(DATA SUPPLIED)
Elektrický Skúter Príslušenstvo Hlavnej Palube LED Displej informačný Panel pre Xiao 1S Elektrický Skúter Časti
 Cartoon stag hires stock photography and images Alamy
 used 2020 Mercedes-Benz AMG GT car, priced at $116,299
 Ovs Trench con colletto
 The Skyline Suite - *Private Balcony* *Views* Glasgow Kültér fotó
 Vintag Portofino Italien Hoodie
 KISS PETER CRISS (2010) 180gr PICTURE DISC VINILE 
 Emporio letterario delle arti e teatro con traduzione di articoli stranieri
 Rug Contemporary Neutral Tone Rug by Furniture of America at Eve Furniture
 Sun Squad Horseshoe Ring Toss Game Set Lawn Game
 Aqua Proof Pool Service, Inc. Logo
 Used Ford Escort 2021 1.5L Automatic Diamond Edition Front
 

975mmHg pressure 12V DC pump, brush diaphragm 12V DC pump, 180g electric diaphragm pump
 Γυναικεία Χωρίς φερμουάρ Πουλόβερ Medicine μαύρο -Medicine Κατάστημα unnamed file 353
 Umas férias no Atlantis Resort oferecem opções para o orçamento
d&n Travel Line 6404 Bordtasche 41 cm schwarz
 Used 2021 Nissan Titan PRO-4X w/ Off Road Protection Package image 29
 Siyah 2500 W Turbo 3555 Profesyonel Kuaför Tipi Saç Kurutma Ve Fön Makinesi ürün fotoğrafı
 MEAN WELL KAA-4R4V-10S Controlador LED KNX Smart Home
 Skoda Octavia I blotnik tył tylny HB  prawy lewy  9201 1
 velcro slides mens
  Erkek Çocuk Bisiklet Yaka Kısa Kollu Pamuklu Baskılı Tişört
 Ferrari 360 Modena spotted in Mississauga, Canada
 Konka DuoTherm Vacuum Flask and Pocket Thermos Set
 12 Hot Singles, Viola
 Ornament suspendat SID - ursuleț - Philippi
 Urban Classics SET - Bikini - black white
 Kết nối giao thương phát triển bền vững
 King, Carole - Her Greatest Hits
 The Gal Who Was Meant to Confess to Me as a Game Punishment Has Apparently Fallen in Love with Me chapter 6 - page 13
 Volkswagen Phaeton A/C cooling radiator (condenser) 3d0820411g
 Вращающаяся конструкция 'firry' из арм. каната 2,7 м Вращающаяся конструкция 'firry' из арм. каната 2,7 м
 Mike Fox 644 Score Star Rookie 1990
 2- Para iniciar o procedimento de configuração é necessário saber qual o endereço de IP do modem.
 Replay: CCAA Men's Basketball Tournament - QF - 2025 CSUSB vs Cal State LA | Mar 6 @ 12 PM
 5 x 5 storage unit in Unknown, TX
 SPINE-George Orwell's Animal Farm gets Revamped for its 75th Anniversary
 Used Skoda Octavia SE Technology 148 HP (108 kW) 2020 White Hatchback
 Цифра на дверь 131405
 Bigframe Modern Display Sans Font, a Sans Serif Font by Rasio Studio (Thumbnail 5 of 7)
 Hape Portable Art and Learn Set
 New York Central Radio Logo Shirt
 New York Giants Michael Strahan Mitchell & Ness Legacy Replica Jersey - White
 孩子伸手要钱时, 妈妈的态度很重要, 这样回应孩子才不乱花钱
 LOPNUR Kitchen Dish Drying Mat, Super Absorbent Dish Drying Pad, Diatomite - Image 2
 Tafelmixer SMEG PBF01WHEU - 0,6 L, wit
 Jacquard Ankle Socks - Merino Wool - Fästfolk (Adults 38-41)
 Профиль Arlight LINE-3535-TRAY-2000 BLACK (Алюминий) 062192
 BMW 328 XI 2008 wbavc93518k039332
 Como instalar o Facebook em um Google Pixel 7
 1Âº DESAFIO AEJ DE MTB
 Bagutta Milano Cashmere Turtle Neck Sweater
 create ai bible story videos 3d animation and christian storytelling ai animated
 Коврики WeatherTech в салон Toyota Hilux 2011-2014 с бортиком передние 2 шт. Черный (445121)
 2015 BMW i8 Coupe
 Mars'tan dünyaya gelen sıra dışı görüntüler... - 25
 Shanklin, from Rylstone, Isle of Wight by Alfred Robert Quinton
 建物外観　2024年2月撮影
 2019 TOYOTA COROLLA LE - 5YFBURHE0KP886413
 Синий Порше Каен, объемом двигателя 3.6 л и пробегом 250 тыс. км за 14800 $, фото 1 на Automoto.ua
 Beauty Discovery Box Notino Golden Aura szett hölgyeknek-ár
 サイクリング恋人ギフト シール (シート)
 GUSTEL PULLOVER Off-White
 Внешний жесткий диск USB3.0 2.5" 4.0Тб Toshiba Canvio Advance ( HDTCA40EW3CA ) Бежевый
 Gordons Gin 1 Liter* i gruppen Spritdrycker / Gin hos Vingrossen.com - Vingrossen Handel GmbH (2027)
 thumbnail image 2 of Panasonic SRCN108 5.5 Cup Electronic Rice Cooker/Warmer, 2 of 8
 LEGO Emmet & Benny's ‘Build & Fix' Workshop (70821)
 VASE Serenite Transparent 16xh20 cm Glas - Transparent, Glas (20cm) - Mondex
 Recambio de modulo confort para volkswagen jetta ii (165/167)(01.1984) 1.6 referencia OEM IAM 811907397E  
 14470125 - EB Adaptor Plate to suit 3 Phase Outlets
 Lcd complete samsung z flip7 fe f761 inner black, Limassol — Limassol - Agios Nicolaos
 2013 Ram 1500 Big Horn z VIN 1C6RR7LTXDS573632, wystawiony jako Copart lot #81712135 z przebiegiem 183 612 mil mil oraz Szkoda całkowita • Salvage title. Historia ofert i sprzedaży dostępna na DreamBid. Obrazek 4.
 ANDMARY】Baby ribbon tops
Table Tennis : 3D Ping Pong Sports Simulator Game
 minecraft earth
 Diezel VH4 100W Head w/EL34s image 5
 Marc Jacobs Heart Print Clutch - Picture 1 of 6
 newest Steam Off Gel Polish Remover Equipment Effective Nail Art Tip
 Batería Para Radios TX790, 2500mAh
(End DATA SUPPLIED)
### HOW TO COMPLETE THIS TASK
There is a line with "Mike Fox 644 Score Star Rookie 1990" and a line with "BMW 328 XI 2008 wbavc93518k039332" above. Copy exactly those two lines and all lines between them, with nothing else.

### ANSWER TO THE EXERCISE
 Mike Fox 644 Score Star Rookie 1990
 2- Para iniciar o procedimento de configuração é necessário saber qual o endereço de IP do modem.
 Replay: CCAA Men's Basketball Tournament - QF - 2025 CSUSB vs Cal State LA | Mar 6 @ 12 PM
 5 x 5 storage unit in Unknown, TX
 SPINE-George Orwell's Animal Farm gets Revamped for its 75th Anniversary
 Used Skoda Octavia SE Technology 148 HP (108 kW) 2020 White Hatchback
 Цифра на дверь 131405
 Bigframe Modern Display Sans Font, a Sans Serif Font by Rasio Studio (Thumbnail 5 of 7)
 Hape Portable Art and Learn Set
 New York Central Radio Logo Shirt
 New York Giants Michael Strahan Mitchell & Ness Legacy Replica Jersey - White
 孩子伸手要钱时, 妈妈的态度很重要, 这样回应孩子才不乱花钱
 LOPNUR Kitchen Dish Drying Mat, Super Absorbent Dish Drying Pad, Diatomite - Image 2
 Tafelmixer SMEG PBF01WHEU - 0,6 L, wit
 Jacquard Ankle Socks - Merino Wool - Fästfolk (Adults 38-41)
 Профиль Arlight LINE-3535-TRAY-2000 BLACK (Алюминий) 062192
 BMW 328 XI 2008 wbavc93518k039332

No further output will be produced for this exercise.